I think I've figured something out... and it's kind of sad.
I... I... I think I'm growing up.
That's not necessarily a good thing, either. I mean, yes, I'm mumble mumble years old and I'm a good provider and fantastic breeding stock and many, many, if not all women find me incredibly attractive to the point of distraction and even, in some cases, tragic results. But those are just facts, and growing up, well... When you grow up you live in facts.
What I mean is that I used to be able to take flights of fancy, to daydream, to imagine. Now I can't. Well, maybe I could, but I don't. I don't play. I don't dream, I don't lie. I just don't. And it's no fun.
I can't even get into someone else's daydream. And that sucks too. Take for instance this movie called "Patterson". It looked cool. It looked like the kind of thing that I would have love, love, loved when I was younger. But I couldn't even sit through the whole goddam trailer. I couldn't because I figured out the punchline as soon as I saw who directed it (Jim Jarmusch). Like I said, I would have flipped out over this movie just a short time ago.

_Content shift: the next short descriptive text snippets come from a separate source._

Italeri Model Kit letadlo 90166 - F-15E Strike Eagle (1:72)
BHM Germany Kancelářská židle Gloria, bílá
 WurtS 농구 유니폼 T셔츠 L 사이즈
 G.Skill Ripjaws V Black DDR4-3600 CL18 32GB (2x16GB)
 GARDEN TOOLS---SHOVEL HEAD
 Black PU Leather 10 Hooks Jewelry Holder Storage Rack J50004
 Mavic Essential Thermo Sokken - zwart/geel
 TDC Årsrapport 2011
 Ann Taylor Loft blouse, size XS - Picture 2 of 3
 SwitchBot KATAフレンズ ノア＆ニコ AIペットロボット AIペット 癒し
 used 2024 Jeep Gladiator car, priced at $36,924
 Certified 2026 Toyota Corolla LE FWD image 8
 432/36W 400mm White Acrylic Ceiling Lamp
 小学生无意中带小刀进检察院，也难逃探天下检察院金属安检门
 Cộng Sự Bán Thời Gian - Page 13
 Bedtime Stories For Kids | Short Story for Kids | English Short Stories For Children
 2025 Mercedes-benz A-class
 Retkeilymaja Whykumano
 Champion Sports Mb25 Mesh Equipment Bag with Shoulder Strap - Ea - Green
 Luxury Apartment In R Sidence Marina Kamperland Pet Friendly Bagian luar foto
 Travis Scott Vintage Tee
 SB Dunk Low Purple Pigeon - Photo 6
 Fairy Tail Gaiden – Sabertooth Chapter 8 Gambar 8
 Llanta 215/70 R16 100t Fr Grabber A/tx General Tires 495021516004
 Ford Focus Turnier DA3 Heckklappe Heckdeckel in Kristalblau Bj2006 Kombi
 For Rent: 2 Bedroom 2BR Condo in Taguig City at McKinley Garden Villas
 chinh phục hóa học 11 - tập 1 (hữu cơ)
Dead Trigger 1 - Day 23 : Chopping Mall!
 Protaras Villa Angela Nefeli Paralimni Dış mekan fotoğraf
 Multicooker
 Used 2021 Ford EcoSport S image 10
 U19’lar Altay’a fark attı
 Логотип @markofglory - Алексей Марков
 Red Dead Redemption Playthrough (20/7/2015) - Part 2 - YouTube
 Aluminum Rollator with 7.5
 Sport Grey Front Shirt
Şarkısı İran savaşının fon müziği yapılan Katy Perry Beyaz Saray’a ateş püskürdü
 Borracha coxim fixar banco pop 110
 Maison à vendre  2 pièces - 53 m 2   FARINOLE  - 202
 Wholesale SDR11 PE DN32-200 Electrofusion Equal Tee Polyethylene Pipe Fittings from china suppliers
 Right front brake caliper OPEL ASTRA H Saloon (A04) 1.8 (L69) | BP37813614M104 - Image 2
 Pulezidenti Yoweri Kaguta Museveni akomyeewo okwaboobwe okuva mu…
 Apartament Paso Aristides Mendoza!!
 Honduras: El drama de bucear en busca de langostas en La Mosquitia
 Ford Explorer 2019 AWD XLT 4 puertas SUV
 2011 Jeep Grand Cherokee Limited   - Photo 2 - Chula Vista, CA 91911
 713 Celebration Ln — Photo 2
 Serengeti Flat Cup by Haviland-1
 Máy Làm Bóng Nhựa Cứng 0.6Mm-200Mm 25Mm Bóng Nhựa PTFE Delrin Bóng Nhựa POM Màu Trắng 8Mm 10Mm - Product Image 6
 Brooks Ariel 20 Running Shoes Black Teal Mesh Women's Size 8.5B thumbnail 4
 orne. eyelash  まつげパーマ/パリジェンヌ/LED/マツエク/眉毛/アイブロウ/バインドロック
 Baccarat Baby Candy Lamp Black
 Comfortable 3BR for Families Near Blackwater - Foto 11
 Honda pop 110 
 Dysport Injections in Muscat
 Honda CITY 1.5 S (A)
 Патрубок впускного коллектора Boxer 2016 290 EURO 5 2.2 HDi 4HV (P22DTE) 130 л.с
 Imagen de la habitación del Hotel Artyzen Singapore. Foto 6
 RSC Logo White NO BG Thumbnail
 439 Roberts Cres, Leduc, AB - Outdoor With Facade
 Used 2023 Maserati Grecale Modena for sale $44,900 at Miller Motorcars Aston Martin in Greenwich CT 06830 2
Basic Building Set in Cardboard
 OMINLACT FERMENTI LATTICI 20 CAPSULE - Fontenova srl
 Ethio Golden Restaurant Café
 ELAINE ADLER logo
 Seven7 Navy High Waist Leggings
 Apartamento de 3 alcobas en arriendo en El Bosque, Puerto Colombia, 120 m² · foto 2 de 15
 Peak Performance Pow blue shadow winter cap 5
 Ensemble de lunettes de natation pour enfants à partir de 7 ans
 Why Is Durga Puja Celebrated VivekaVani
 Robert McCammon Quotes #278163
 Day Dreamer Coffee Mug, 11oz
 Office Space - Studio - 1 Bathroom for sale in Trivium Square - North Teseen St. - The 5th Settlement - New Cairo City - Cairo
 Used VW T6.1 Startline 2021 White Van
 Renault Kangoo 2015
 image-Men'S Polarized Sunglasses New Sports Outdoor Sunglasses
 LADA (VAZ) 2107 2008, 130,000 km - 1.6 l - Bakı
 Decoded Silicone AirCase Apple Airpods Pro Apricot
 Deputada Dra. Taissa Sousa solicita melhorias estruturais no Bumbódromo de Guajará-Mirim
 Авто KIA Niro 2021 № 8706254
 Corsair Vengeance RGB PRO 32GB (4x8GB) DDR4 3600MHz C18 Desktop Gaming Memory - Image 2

My problem is that when I watch movies like this I can read the daydreams of the director. This is the romantic version of ME screams Jarmusch's id. My brain says, "yeah, yeah, I saw a movie where this kid moved rocks with his brain." And that's sad.
Because in the technicolor bullshit cartoon movies that I can stomach now nothing realistic happens. I can't daydream that I'm some writer of sordid novellas who nonetheless can afford to live un-subsidized in a loft in Tribeca and drink top-shelf liquor and do hyper expensive drugs with my incredibly hot and smart and successful and doomed friends at super cool dive bars who witnesses the murder of an under aged prostitute by the Mayor's girlfriend and his bodyguard during a drug-fueled blood orgy and ends up blackmailing said mayor via anonymous letter into hiring myself to be his PR guy who accidentally falls inexplicably in love with the poisonously decadent and self destructive mistress who committed the murder and together we spend three and a half movie hours plotting to pin it on the Mayor who manages to turn the snake back on the two of us, but really just me and so I have to be the one to drown the mistress murderer in the tub during a wild election night party because we need a fall guy and the bodyguard can't be implicated because he has a special needs kid, so I do it for the promise of a McArthur-type grant because as much as I love the junky bimbo I love my dream of being a writer more. I just can't. But I can be entertained watching a giant lizard beating the shit out of the NYPD, even if no one but one old man and a cabbie die in the whole damn movie.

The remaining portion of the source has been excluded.